Warning: fopen(compress.bzip2://wikidata.json.bz2): failed to open stream: operation failed in /usr/local/apache/common-local/php-1.23wmf3/extensions/Wikibase/repo/maintenance/dumpJson.php on line 102
[fd9eae8e] [no req] Exception from line 105 of /usr/local/apache/common-local/php-1.23wmf3/extensions/Wikibase/repo/maintenance/dumpJson.php: Failed to open compress.bzip2://wikidata.json.bz2!

@Ariel: maybe you just don't have write permission there? or php doesn't have bzip2 support build in? anyway...

I have made a patch introducing a --log option to control where log messages go, see I561a003.

I have also found and fixed a bug that caused invalid JSON in case an entity couldn't be loaded/dumped, see Ief7664d6.

I guess we have to wait for these to get deployed. Or just backport them, these patches are nicely local.

I was writing into my home directory on terbium, so surely I had permissions. Anyways, once the --log option is in, this is a moot point.

Just an update, after 22 hours of running against wikidata, we are at 202400 entities dumped. So sharding is going to be necessary; please start looking into what it would take to have one cron job for this and whatever prost-processing might be needed as well. Alternatively, are there speedups possible in the script?

The dump concluded at Sat Dec 7 13:57:32 UTC 2013 with 221400 entities. File size (bz2 compressed): 98 mb.

The dump *concluded* with 221400 entities dumped? That's... wrong. We have more than 10 million entities on wikidata.org. Any idea how to best investigate this?

Also, what you report seems *extremely* slow. It took about 10 seconds for each entity (20k additional entities between the 5th and the 7th)? Wow...

There are no obvious points for speedup, but I could do some profiling. One thing that could be done of course is to not load the data from the database, but instead process an XML dump. Would that be preferable to you?

Hi Daniel, how quickly does it run in your tests? Do you have the full dataset available via the XML dump?

Creating a dump for the 349 items i have in the db on my laptop takes about 2 seconds. These are not very large, but then, most items on wikidata are not large either (while a few are very large).

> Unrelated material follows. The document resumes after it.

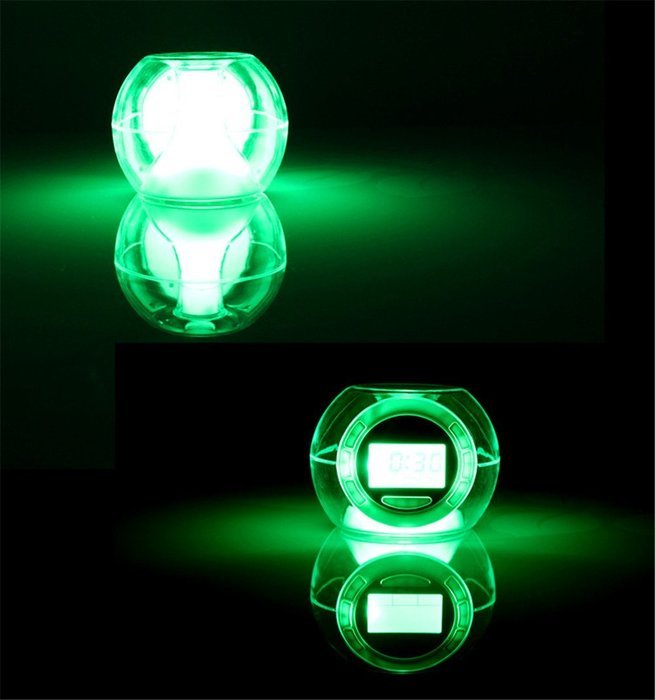 Surborder Shop Colorful Glowing 7 Led Colors Changing Digital Alarm Clock with Time & Date & Temperature Display N3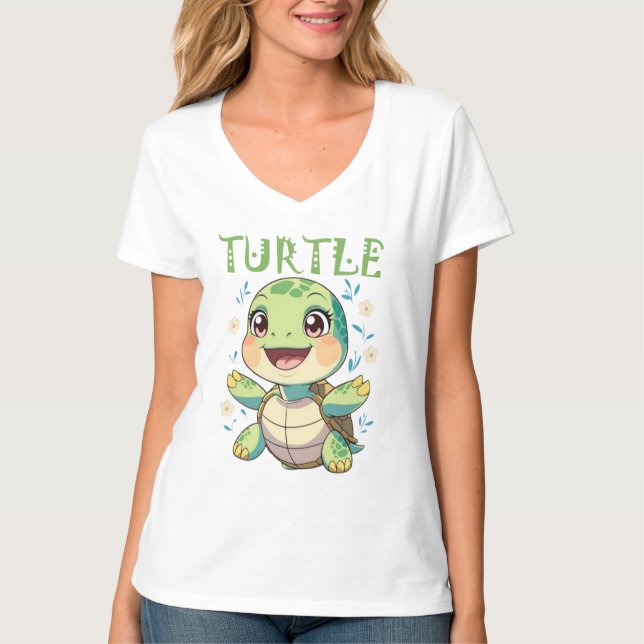 Camiseta Adorable Sea Turtle with Flowers (Anverso)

> time php repo/maintenance/dumpJson.php > /dev/null

Processed 100 entities.
Processed 200 entities.
Processed 300 entities.
Processed 349 entities.
 
real	0m2.385s
user	0m1.996s
sys	0m0.088s

All data is available in the XML dumps, but we'd need two passes (for the first pass, a dump of the property namespace would be sufficient). I don't currently have a dump locally.

The script would need quite a bit of refactoring to work based on XML dumps; I'd like to avoid that if we are not sure this is necessary / desirable.

I don't think we currently have a good way to test with a large data set ourselves at the moment. Importing XML dumps does not really work with wikibase (this is an annoying issue, but not easy to fix).

addendum to my comment above: I suspect one large factor is loading the json from the external store. Is there a way to optimize that? We are only using the latest revision, so grouping revisions wouldn't help....

Still, going from 100+ items per second to 10 seconds per item is surprising, to say the least.

Processed 221200 entities.
Processed 221300 entities.
Processed 221400 entities.
Sat Dec 7 13:57:32 UTC 2013

that's the end of the output from the job (I still have the screen session on terbium).

I'm writing bz2 compressed output. You're writing to /dev/null. That's going to be a big difference.

Here's the start of the last item in the dumped output:

{"id":"Q235312","type":"item","descriptions":...

221447 lines in the uncompressed file, total size of 1.1gb uncompressed.

After I tested this myself on terbium, I found out that the PHP script is constantly leaking memory... I think this is because Wikibase is "smart" and statically caches all entities ever requested.

Another thing we noticed is that it's apparently not getting all entity ids from the query, it would probably be wise to batch the query getting the entity ids.